*** Begin section ***
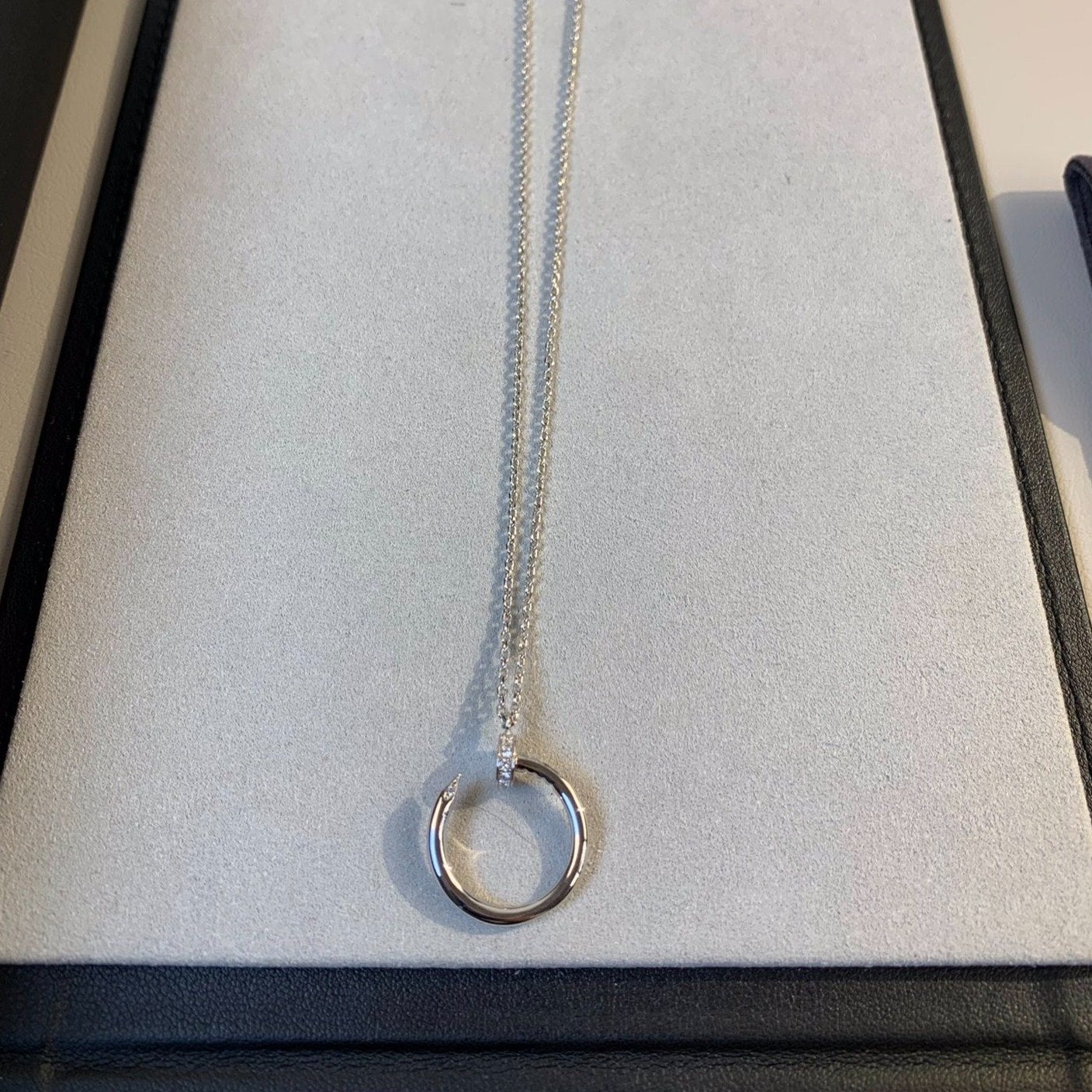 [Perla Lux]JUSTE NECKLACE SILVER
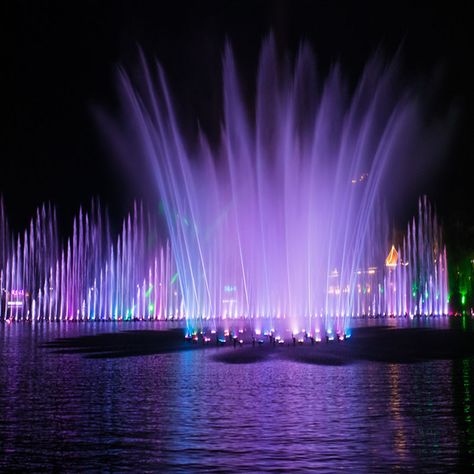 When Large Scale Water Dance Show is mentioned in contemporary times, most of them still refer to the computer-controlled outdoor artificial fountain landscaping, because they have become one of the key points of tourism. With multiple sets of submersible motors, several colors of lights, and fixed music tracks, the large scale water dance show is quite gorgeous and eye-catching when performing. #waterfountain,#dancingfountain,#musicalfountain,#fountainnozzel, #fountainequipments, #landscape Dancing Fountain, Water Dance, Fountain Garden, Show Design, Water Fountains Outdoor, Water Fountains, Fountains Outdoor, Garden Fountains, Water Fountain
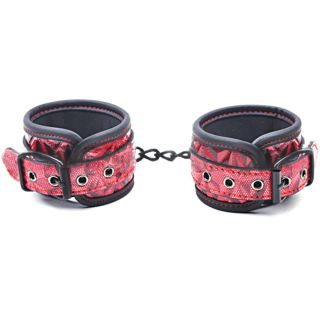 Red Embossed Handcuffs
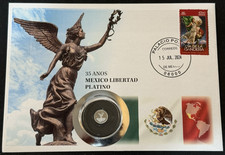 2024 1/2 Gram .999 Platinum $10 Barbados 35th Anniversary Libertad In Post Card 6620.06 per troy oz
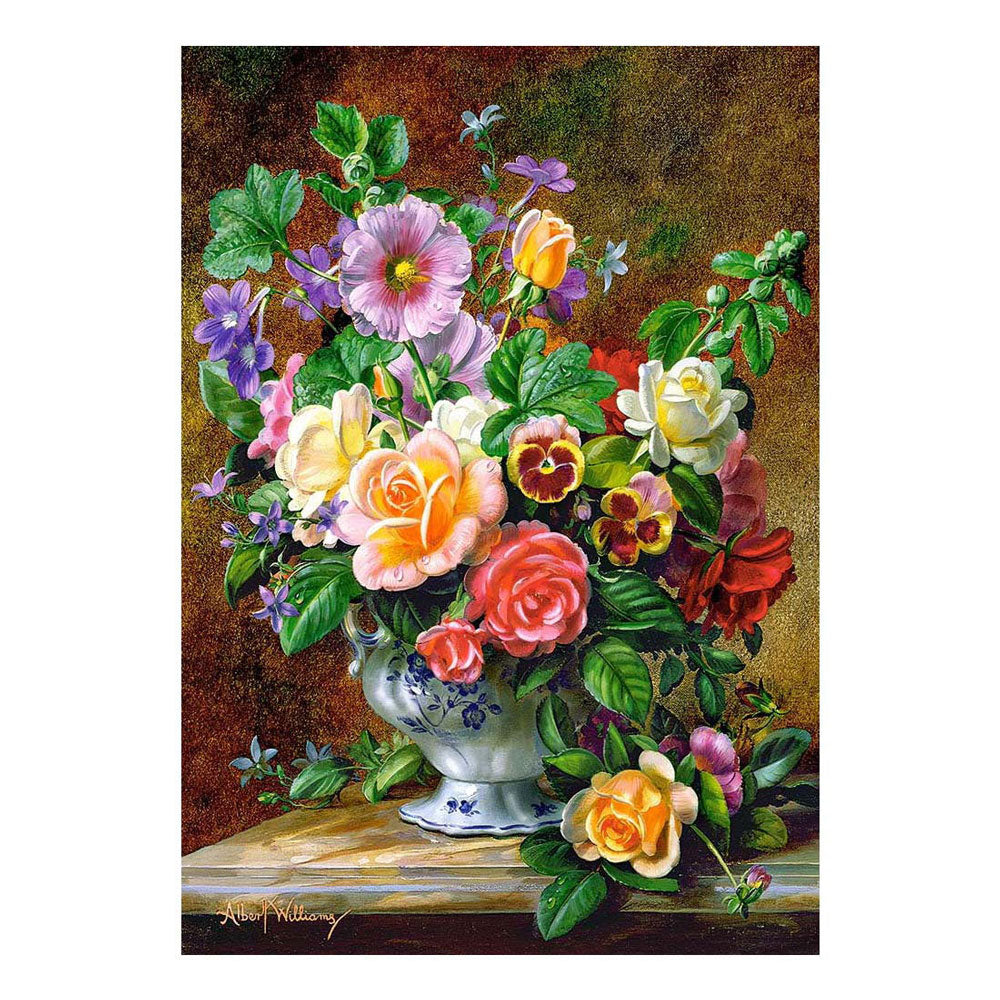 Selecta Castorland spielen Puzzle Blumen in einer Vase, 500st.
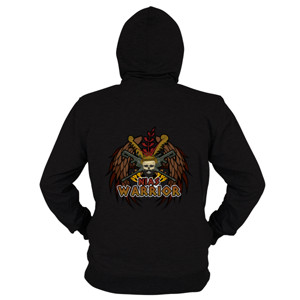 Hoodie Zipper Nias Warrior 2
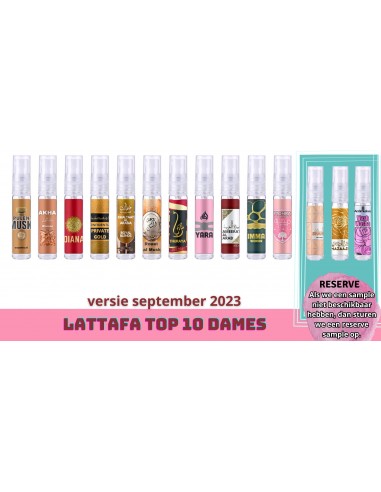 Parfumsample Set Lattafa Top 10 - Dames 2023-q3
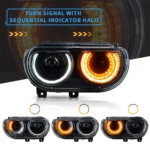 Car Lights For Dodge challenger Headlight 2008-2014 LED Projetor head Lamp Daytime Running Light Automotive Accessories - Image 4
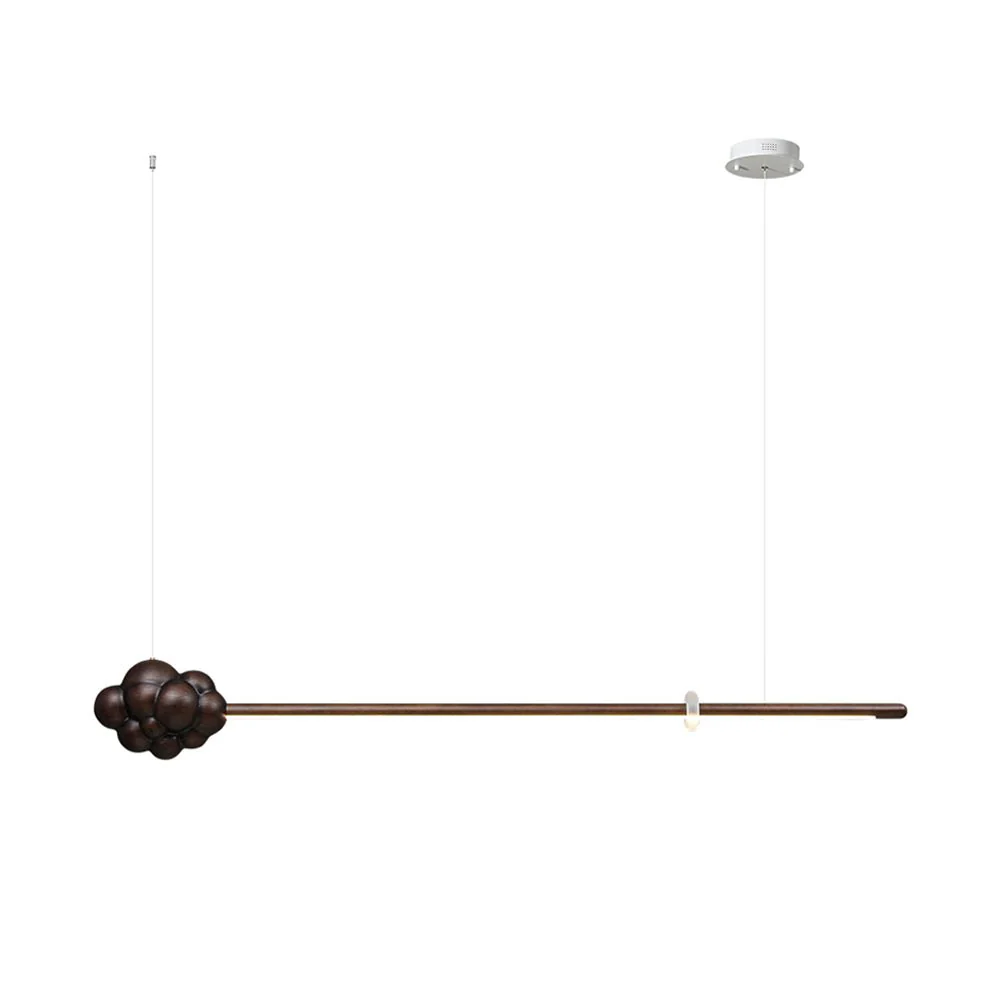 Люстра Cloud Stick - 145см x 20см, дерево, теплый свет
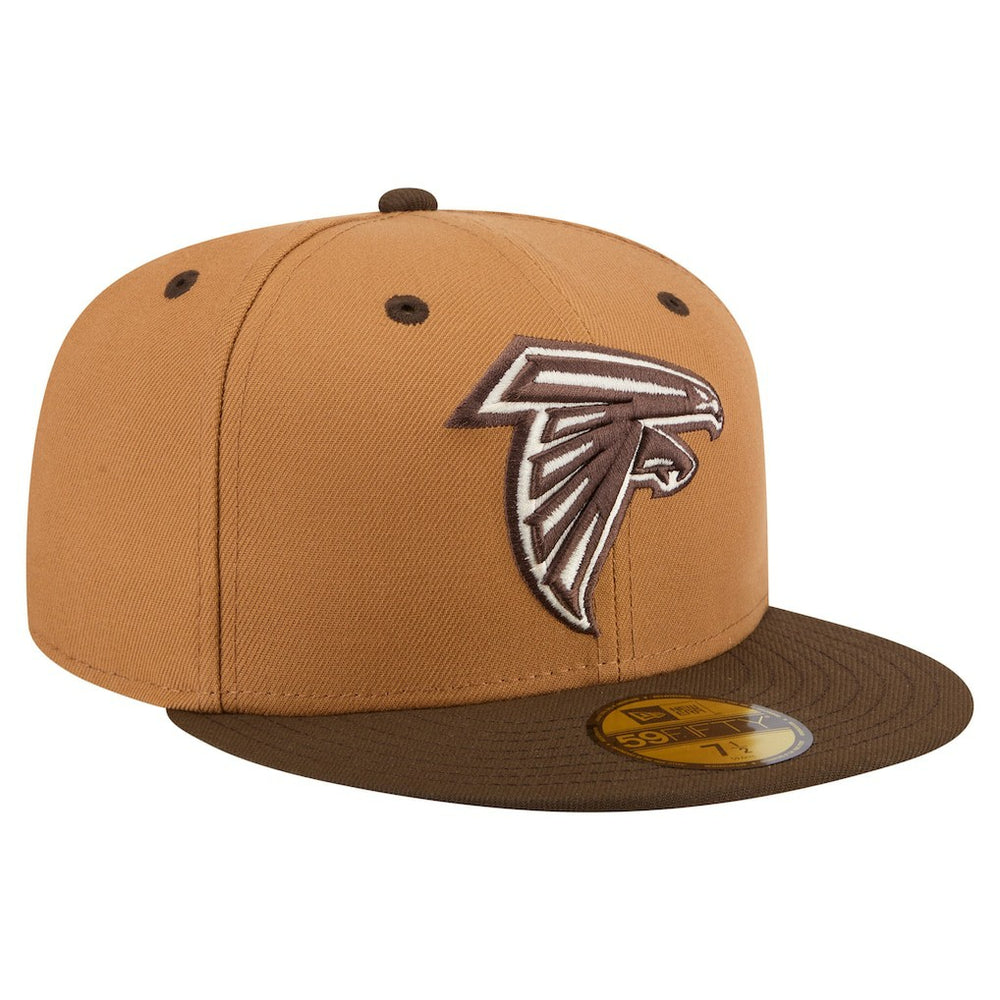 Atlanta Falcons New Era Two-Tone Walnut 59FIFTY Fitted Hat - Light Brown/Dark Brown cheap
*** End section ***
Copy out all the data exactly. The images should not appear in the copy.

 [Perla Lux]JUSTE NECKLACE SILVER
 When Large Scale Water Dance Show is mentioned in contemporary times, most of them still refer to the computer-controlled outdoor artificial fountain landscaping, because they have become one of the key points of tourism. With multiple sets of submersible motors, several colors of lights, and fixed music tracks, the large scale water dance show is quite gorgeous and eye-catching when performing. #waterfountain,#dancingfountain,#musicalfountain,#fountainnozzel, #fountainequipments, #landscape Dancing Fountain, Water Dance, Fountain Garden, Show Design, Water Fountains Outdoor, Water Fountains, Fountains Outdoor, Garden Fountains, Water Fountain
 Red Embossed Handcuffs
 2024 1/2 Gram .999 Platinum $10 Barbados 35th Anniversary Libertad In Post Card 6620.06 per troy oz
 Selecta Castorland spielen Puzzle Blumen in einer Vase, 500st.
 Hoodie Zipper Nias Warrior 2
 Parfumsample Set Lattafa Top 10 - Dames 2023-q3
 Car Lights For Dodge challenger Headlight 2008-2014 LED Projetor head Lamp Daytime Running Light Automotive Accessories - Image 4
 Люстра Cloud Stick - 145см x 20см, дерево, теплый свет
 Atlanta Falcons New Era Two-Tone Walnut 59FIFTY Fitted Hat - Light Brown/Dark Brown cheap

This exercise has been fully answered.